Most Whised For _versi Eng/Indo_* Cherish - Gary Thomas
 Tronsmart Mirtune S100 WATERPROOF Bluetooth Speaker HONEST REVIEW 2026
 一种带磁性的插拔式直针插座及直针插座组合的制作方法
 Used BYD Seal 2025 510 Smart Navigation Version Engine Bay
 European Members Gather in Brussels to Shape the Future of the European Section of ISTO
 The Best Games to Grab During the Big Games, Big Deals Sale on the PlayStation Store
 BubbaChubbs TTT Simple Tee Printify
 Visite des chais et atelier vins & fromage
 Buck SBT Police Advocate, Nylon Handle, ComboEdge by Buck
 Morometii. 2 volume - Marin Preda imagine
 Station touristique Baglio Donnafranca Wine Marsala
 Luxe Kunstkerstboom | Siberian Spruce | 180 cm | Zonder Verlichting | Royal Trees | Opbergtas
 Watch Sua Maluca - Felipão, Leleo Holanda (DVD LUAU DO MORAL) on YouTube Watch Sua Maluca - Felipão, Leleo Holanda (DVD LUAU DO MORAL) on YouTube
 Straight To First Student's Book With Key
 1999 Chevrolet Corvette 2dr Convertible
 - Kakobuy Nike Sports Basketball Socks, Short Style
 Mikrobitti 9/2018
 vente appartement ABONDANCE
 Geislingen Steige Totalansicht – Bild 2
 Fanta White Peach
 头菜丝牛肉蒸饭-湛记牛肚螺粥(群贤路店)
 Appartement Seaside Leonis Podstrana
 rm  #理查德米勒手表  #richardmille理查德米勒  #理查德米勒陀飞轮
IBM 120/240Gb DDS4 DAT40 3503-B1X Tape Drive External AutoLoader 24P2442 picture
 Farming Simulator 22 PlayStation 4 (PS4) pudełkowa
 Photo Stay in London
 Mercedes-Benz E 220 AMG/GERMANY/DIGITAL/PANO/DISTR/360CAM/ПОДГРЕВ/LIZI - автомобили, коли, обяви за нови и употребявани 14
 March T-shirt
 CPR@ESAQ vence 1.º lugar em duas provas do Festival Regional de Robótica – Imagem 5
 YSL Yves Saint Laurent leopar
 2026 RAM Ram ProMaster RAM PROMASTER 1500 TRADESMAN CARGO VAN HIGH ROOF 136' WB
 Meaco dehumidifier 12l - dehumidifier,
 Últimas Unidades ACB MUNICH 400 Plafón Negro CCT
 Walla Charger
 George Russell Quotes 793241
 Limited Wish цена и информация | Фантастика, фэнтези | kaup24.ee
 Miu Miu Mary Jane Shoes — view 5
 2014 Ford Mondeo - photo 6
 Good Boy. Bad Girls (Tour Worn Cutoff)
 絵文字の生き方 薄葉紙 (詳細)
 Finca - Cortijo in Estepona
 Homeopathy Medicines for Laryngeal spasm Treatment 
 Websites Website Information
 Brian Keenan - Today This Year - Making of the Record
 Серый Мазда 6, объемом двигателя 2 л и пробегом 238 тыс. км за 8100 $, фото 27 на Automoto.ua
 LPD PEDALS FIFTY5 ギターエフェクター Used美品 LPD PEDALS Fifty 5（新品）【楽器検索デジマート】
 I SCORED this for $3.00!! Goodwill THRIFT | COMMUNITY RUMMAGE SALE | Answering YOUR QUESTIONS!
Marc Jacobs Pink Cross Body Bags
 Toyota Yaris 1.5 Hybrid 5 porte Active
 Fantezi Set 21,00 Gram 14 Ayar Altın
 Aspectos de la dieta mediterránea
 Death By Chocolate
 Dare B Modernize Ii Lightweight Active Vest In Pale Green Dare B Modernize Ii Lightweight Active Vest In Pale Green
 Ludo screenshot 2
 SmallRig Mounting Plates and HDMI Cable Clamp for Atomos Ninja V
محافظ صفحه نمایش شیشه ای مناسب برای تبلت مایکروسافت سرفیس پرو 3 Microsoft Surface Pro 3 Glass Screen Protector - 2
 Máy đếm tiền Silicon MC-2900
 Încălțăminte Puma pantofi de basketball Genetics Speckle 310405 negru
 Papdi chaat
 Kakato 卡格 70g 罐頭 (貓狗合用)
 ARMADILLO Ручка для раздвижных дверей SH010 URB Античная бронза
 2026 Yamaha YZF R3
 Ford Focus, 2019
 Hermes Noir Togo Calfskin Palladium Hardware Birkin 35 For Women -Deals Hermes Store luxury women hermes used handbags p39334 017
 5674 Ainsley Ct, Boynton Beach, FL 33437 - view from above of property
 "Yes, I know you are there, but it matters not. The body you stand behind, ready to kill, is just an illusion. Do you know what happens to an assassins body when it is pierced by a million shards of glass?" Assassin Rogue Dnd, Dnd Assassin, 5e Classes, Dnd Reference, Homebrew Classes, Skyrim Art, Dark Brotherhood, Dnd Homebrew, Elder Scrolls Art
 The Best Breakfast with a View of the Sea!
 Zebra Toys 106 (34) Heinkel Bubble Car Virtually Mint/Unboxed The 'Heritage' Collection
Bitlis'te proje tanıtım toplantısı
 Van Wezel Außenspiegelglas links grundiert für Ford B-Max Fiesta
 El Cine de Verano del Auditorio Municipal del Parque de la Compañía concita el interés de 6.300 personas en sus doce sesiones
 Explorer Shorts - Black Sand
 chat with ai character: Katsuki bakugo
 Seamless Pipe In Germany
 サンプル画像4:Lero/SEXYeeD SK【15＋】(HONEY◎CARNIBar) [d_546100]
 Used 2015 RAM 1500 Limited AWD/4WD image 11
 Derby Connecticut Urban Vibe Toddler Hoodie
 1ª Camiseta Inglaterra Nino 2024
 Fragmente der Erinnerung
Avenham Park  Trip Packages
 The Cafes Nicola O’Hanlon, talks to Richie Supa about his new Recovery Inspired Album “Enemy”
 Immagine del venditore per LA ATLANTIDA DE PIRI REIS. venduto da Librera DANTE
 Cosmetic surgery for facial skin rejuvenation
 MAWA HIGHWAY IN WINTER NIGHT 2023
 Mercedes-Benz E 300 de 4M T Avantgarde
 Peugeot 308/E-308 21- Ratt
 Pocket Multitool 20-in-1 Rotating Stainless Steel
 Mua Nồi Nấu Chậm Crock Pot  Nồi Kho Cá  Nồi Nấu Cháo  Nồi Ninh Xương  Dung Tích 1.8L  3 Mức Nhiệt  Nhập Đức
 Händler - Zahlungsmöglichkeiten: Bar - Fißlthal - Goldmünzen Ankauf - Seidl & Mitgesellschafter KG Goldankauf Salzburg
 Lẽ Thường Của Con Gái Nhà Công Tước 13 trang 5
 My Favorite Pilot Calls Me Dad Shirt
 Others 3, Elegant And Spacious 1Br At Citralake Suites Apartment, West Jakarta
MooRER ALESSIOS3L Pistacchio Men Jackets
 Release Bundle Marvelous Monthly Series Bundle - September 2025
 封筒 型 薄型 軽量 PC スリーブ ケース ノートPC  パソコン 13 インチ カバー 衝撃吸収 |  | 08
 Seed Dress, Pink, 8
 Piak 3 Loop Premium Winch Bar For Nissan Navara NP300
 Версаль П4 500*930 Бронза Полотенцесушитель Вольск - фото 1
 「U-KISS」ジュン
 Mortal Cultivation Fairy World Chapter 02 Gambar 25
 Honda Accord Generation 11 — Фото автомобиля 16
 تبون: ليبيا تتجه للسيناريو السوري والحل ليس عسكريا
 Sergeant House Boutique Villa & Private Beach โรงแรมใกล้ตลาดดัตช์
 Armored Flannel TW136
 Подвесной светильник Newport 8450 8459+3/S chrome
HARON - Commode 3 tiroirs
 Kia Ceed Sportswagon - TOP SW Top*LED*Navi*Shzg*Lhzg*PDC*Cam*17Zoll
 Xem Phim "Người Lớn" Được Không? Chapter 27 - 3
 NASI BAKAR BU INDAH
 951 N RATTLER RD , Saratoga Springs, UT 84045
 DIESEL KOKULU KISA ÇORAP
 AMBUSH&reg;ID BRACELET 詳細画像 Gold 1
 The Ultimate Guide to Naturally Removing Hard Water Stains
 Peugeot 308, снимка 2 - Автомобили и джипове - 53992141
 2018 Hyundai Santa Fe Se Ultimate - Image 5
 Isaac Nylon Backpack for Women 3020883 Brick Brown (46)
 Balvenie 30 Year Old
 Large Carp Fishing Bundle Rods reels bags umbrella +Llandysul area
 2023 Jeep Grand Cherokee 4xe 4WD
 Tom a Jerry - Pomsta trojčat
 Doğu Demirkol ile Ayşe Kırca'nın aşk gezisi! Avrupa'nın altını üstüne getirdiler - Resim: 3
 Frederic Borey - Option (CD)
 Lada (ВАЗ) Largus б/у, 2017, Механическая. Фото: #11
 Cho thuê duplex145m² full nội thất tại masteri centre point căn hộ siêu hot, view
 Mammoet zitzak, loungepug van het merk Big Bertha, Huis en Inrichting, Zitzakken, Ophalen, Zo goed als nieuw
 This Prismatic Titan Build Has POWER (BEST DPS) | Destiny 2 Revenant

^^^^^^^^^^^^^^^^

Reproduce only the lines above spanning from the line containing "Pocket Multitool 20-in-1" through the line containing "Release Bundle Marvelous", word for word.

**WRITTEN ANSWER**
 Pocket Multitool 20-in-1 Rotating Stainless Steel
 Mua Nồi Nấu Chậm Crock Pot  Nồi Kho Cá  Nồi Nấu Cháo  Nồi Ninh Xương  Dung Tích 1.8L  3 Mức Nhiệt  Nhập Đức
 Händler - Zahlungsmöglichkeiten: Bar - Fißlthal - Goldmünzen Ankauf - Seidl & Mitgesellschafter KG Goldankauf Salzburg
 Lẽ Thường Của Con Gái Nhà Công Tước 13 trang 5
 My Favorite Pilot Calls Me Dad Shirt
 Others 3, Elegant And Spacious 1Br At Citralake Suites Apartment, West Jakarta
MooRER ALESSIOS3L Pistacchio Men Jackets
 Release Bundle Marvelous Monthly Series Bundle - September 2025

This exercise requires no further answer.